It’s curious that I get economic questions a lot. But let’s roll.
Does the gender wage gap exist? I think it does. My priors are that it does because we know that in experimental settings, employment discrimination is very real. But what does the observed evidence in the labor market tell us?
First of all, good interpretation of statistical evidence requires that we evaluate not just individual studies and papers, but the entire literature. Reviews of this literature suggest that “there is considerable agreement that gender wage discrimination exists“.
The parsimonious “let’s control for observables” approaches have yielded mixed results. Most of the wage gap disappears, but leaving some significant difference behind. That difference has been the subject of many arguments on both sides. But let me suggest a different way to think about the wage data (or any kind of data).
For many things in life, the fact that you can observe something is information in and of itself. The fact that for a specific individual, a wage is offered and accepted (and then by random chance recorded in population surveys) is telling. Surveys generally do a great job of randomly selecting a sample from the population, but the market does not do a good job of randomly choosing who works at what wage, or whether certain people work at all. Selection bias is at work, whether you like it or not. The only thing I want to convince you of is that the existence of selection bias is something to really consider when thinking about “controlling for other factors”.
Selection, its effects and more specifically how to correct for them, is the area of research that got James Heckman his Nobel Prize in Economics in 2000. Most interestingly, it has been used extensively to study the determinants of wages.
How exactly does selection work in our setting? Let me draw you a few pictures! But I don’t have my awesome graphic design software installed, so I’ll have to do with MS Paint.
If controlled wages for females (sorry everyone, the U.S. surveys don’t code for third gender or anything like that) are lower, and if we want to think about selection into the sample, then we have to ask, “what would make a a person work?”
We all have an intuition that there’s a wage low enough where we would choose not to work. We call it the reservation wage. There are many reasons to think why this wage is nontrivial. Maybe spousal income might be a good substitution for individual income, so we choose to work only if we have to or we’re paid a lot for it. Maybe you believe that the evil welfare state is causing many low-wage workers to rely on unemployment benefits and food stamps because welfare is supposedly better than working at some low wage.
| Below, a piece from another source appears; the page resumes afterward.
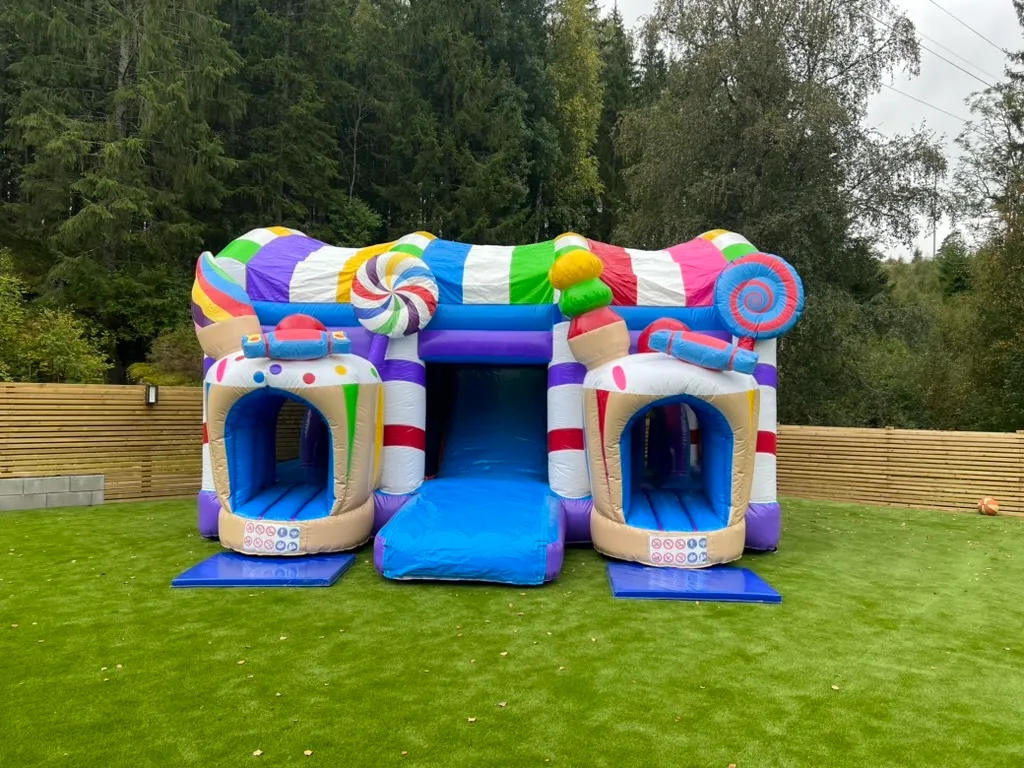 Hoppeslott med sklie - Candyland XXL 16 personer (m/utstyr)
The effect of this reservation wage, if it were a strict thing, would mask more of the lower end of the lower distribution than the lower end of the higher distribution. Take a look at the graph, and imagine all the points under the black horizontal line are not observed. In reality, it would mean that many women choose not to work, which is empirically true because female labor force participation is not all that high.
When there’s selection on the lower end of the spectrum, it makes the slope of the line flatter, which means it makes the estimate of the gender wage gap smaller than it actually is.
An important point is that the graph is a little exaggerated. Specifically, the reservation wages are different for everyone. So there’s no clear black line you can draw on the graph where all the points below that line are unobserved. Instead, we should think of the appearance of a point in the data as a probability–a probability that increases as the wage gets higher because you are more likely to work!
I’m still trying to find a really good paper on specifically the U.S. gender wage gap and selection bias correction (across all different kinds of ways to correct for it), and it’s not been going well. There’s this paper using data from Columbia that suggests “that self selection into the labor force is crucial for gender gaps: if all women participated in the labor force, the observed gap would be roughly 50% larger at all quantiles.” Of course, we need to review the entire literature.